Straightforward conversations about the financial decisions that shape everyday life in India.

Dr. Manu Sharma ( P.hD )

4/23/20263 min read

Indian Finance — Practical Money Guidance

Why Your Budget Keeps Failing — And It Is Not Your Fault

Here is something nobody tells you: most budgets are designed to fail. They are built on guilt, rigid spreadsheets, and the assumption that you will behave like a perfectly rational machine. But you are not a machine. You are a person with an exhausting week behind you, a family function coming up, and a completely reasonable desire to stop for chai and chaat on the way home. The standard advice is to track every rupee. And yes, that works for about two weeks. Then life happens, a few entries get missed, the sheet becomes a mess, and the whole effort is abandoned. Not because you are bad with money — but because the system was never built for how real life actually works.

"A budget that you actually follow — even imperfectly — is far more valuable than a perfect budget sitting untouched in a spreadsheet."

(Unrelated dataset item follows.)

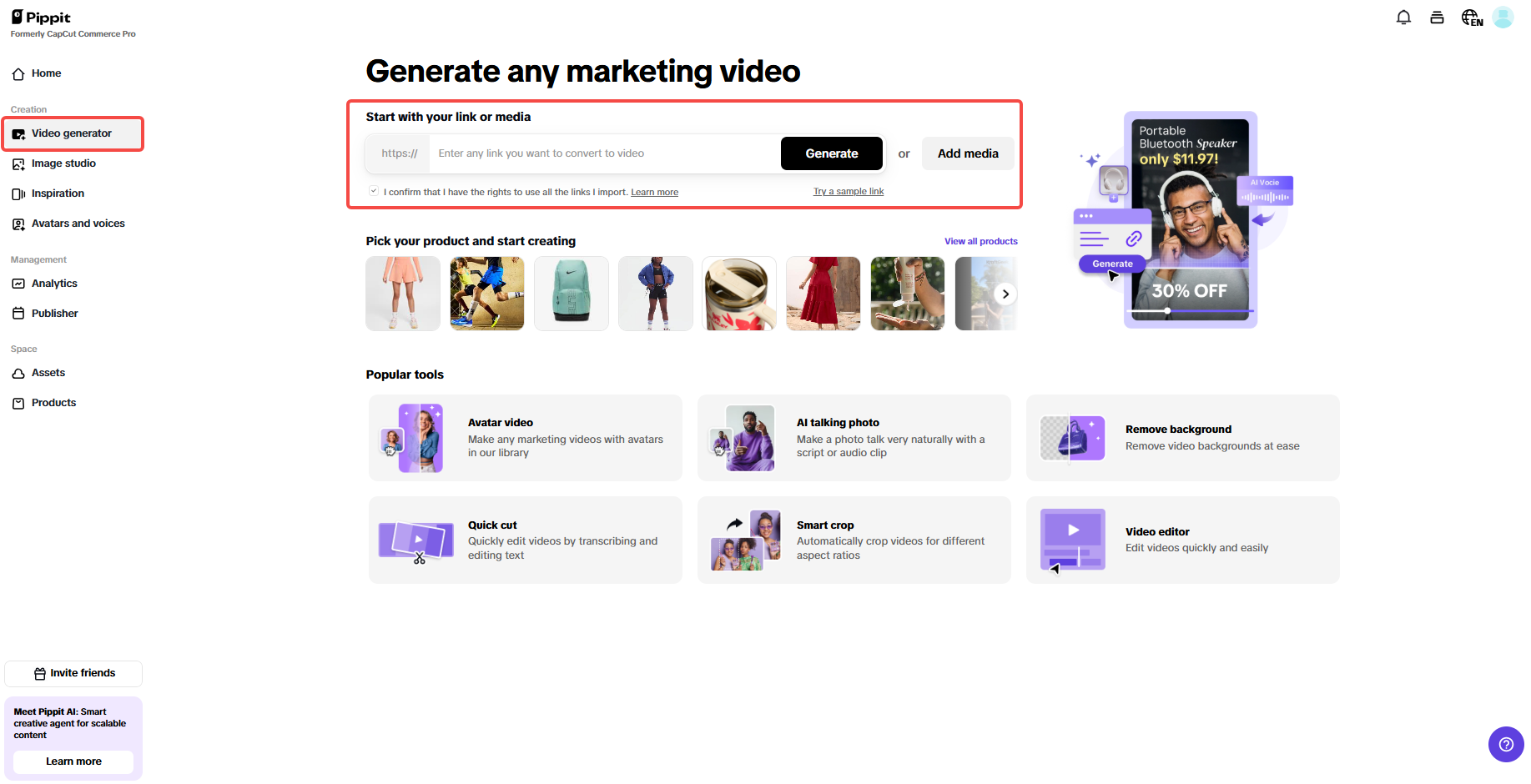 Upload product links and media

The better approach is to plan around your real weak points, not some idealised version of yourself. If OTT subscriptions and late-night online shopping drain you by month-end, set aside a small separate allowance for them so the rest of your money stays protected. If EMIs are piling up, tackle the loan with the highest interest rate first. And keep a small buffer of Rs 3,000 to Rs 5,000 each month for the unexpected expenses that always seem to arrive uninvited. Managing money is not about being perfect. It is about building systems that hold up against your actual life. The best budget is one that is honest about who you are — and forgiving enough to let you stay human.

Worth Remembering

"Do not save what is left after spending — spend what is left after saving."

— WARREN BUFFETT

India's Money Picture

76 %

Indians have no emergency fund

Rs 2.4L Cr

Credit card dues (2024)

31 %

Working adults not in NPS

Rs 500

Min amount to start SIP

5 Things to Do This Week

Audit your subscriptions : List every app and service you pay for. Cancel any you have not used in the past month.

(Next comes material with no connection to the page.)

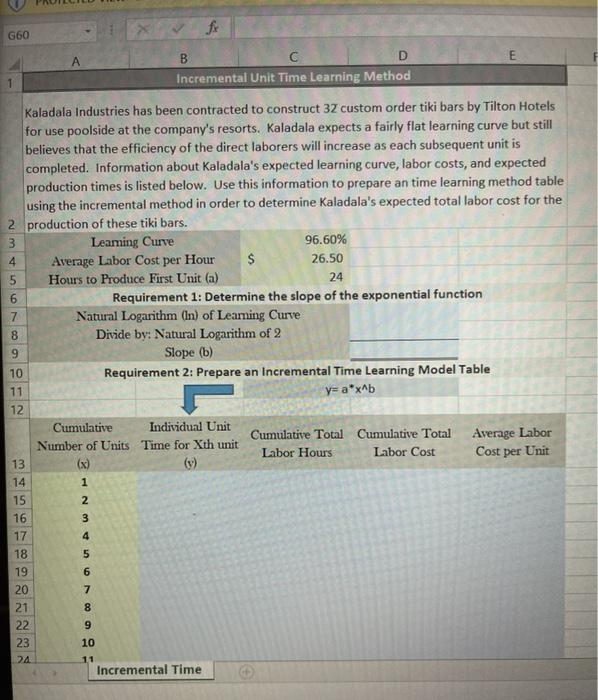 fx 660 E А B C D Incremental Unit Time Learning | Chegg.com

Check your Form 26AS : Verify that your TDS has been deducted correctly before filing your Income Tax Return.

Review your insurance policy : Is your health cover sufficient for your entire family? Most people discover gaps too late.

Know your credit card rate : At 36 to 42 percent per annum, paying only the minimum due is one of the costliest habits you can have.

Set one clear financial goal : Just one. Write it somewhere visible. Clarity matters far more than complexity.